U.S. investment firm KKR has received unconditional EU antitrust approval for its acquisition of Telecom Italia’s (TIM) fixed-line network, valued at up to 22 billion euros ($24 billion).
“The Commission investigated the impact of the transaction on the market for wholesale broadband access services in Italy and concluded that it would not significantly reduce the level of competition,” the EU executive, which also acts as the EU antitrust watchdog, stated.
To address concerns from Telecom Italia’s rivals regarding existing contracts established after the creation of FiberCop, TIM’s last-mile grid unit, KKR has pledged to maintain these contracts on the same terms and prices. This informal remedy has also mitigated EU worries, Reuters news report said.

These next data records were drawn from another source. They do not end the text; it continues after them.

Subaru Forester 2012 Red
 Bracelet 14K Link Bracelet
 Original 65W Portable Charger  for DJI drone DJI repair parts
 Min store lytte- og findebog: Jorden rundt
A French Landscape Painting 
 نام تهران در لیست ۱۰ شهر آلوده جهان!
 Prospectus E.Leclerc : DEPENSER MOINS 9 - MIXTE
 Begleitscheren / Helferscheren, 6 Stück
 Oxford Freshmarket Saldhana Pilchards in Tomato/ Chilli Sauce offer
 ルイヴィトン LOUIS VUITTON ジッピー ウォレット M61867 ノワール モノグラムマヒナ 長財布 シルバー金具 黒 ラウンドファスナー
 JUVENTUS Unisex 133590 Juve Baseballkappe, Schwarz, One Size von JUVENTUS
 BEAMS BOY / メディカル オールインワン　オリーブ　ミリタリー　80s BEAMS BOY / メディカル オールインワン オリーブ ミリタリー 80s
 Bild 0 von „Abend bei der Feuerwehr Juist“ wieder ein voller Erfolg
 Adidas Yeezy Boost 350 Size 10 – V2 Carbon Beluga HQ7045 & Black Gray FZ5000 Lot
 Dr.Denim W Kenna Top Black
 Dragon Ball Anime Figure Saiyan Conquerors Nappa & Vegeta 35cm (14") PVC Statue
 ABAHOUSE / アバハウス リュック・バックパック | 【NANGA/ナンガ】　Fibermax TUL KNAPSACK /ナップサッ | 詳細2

The Commission clarified that the master services agreement (MSA) governing the relationship between NetCo (the grid acquired by KKR) and TIM post-transaction is not integral to the transaction, as it does not grant KKR control over NetCo.
The sale of the network is part of a government-backed strategy to reduce TIM’s significant financial burden. With the EU’s approval, the deal is expected to be finalized soon, according to Italy’s Economy Minister Giancarlo Giorgetti.
TIM previously reported that its domestic revenue, constituting the majority of its sales, declined by 1.3 percent to 2.8 billion euros, while its net financial debt increased to 26.6 billion euros from 25.7 billion euros at the end of the last year.
TIM’s landline network covers nearly 89 percent of Italian households, with its fibre and copper cables extending over 23 million kilometers (14.3 million miles). The sale of the grid is aimed at alleviating the company’s debt burden.